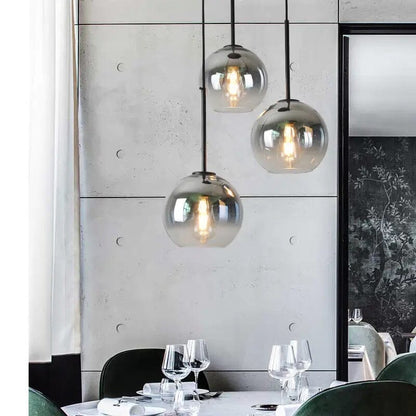 Luxury Gold Tone Glass Globe Chandelier - Luxicro
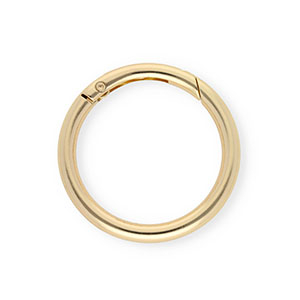Onderdelen sleutelhanger clasp ring Gold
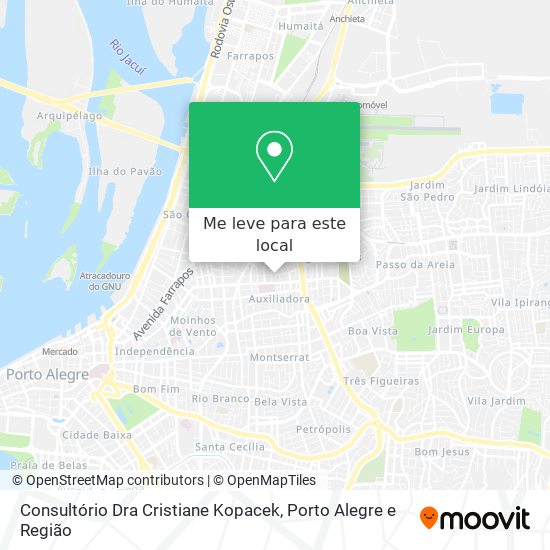 Consultório Dra Cristiane Kopacek mapa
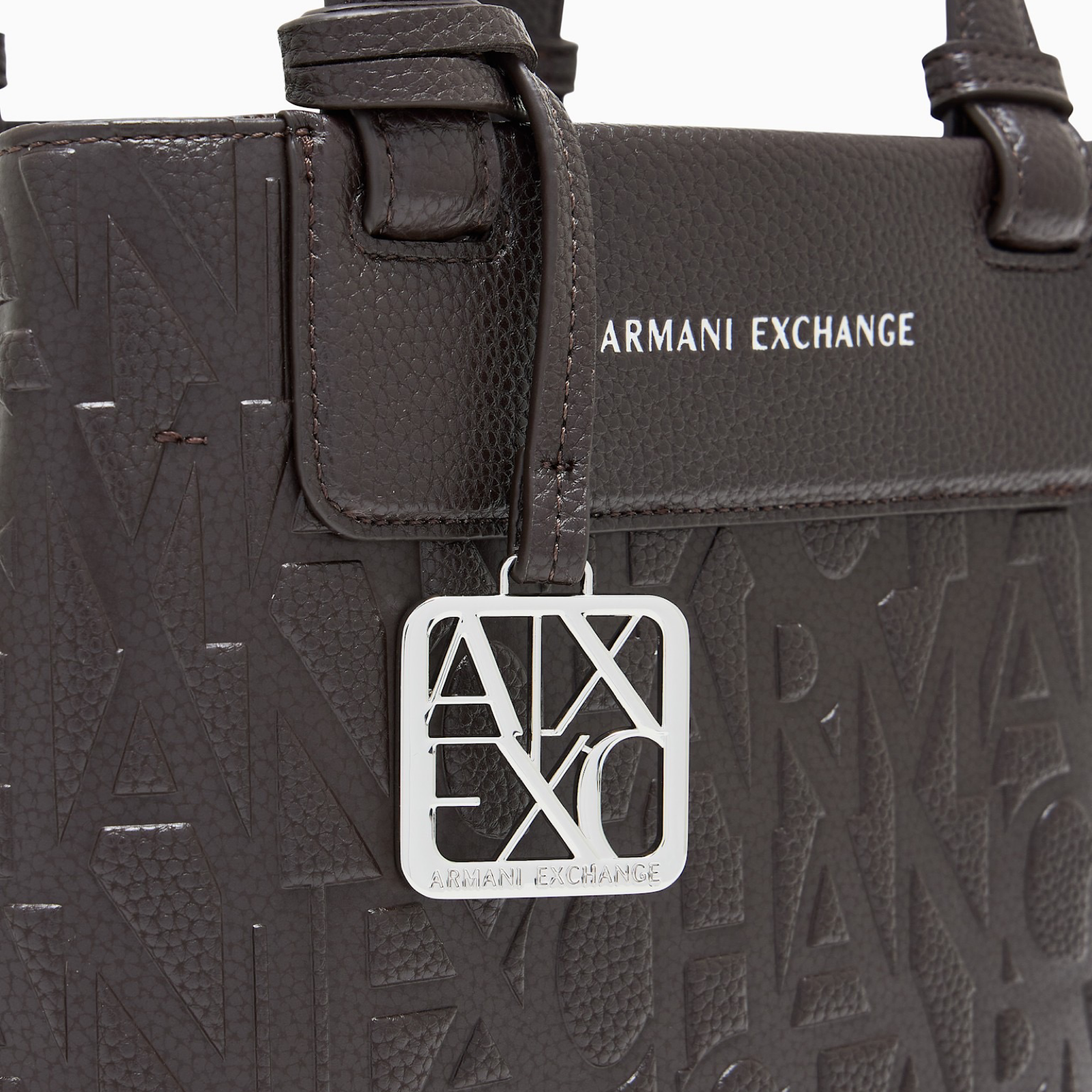 Дамска кафява чанта Armani Exchange Women Handbag XW001576 AF15774 U6032  Close-Up
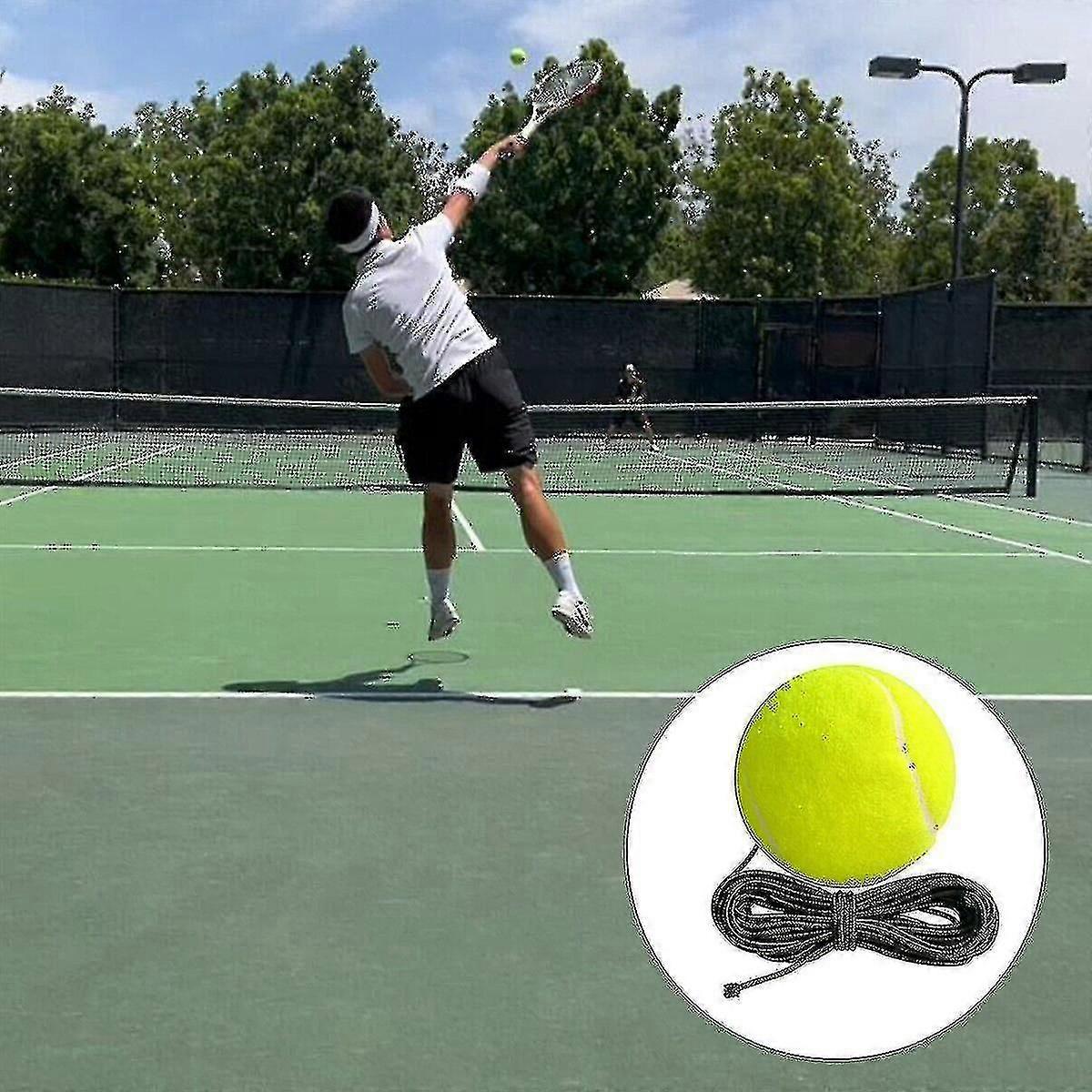 2x Tennis Training Swingball Replacement Ball Adjustable Tether Rope ...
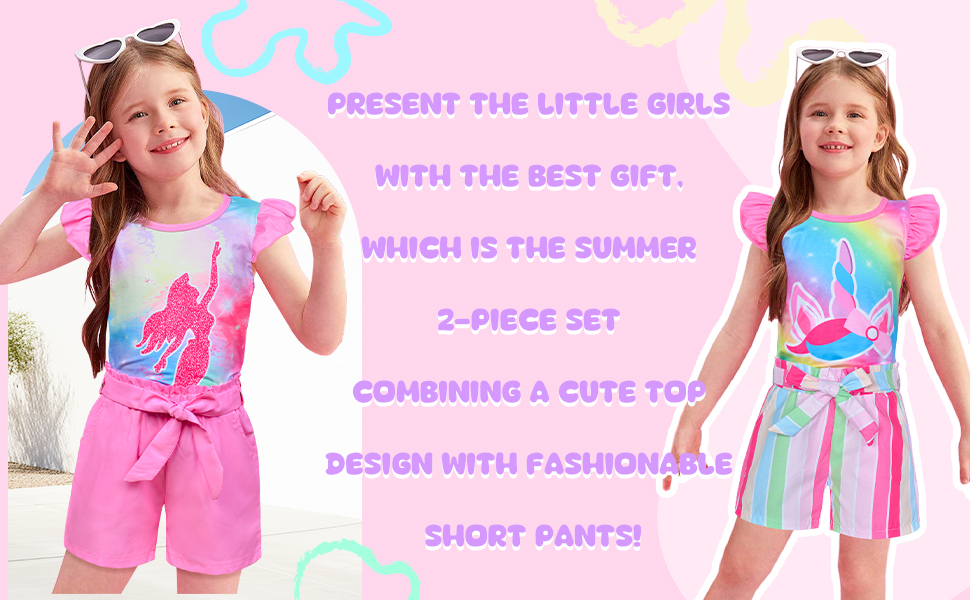 Girls'' Summer Outfit Set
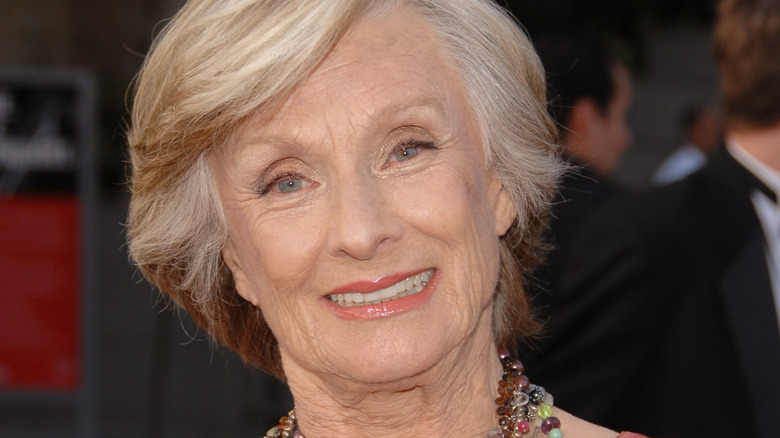 Cloris Leachman tilts head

--*--

Assignment ▸ Write out the whole listing exactly. Do not include the pictures.

Response to the task ▸
 Luxury Gold Tone Glass Globe Chandelier - Luxicro
Onderdelen sleutelhanger clasp ring Gold
 Consultório Dra Cristiane Kopacek mapa
 Дамска кафява чанта Armani Exchange Women Handbag XW001576 AF15774 U6032  Close-Up
 2x Tennis Training Swingball Replacement Ball Adjustable Tether Rope ...
 Girls'' Summer Outfit Set
 Cloris Leachman tilts head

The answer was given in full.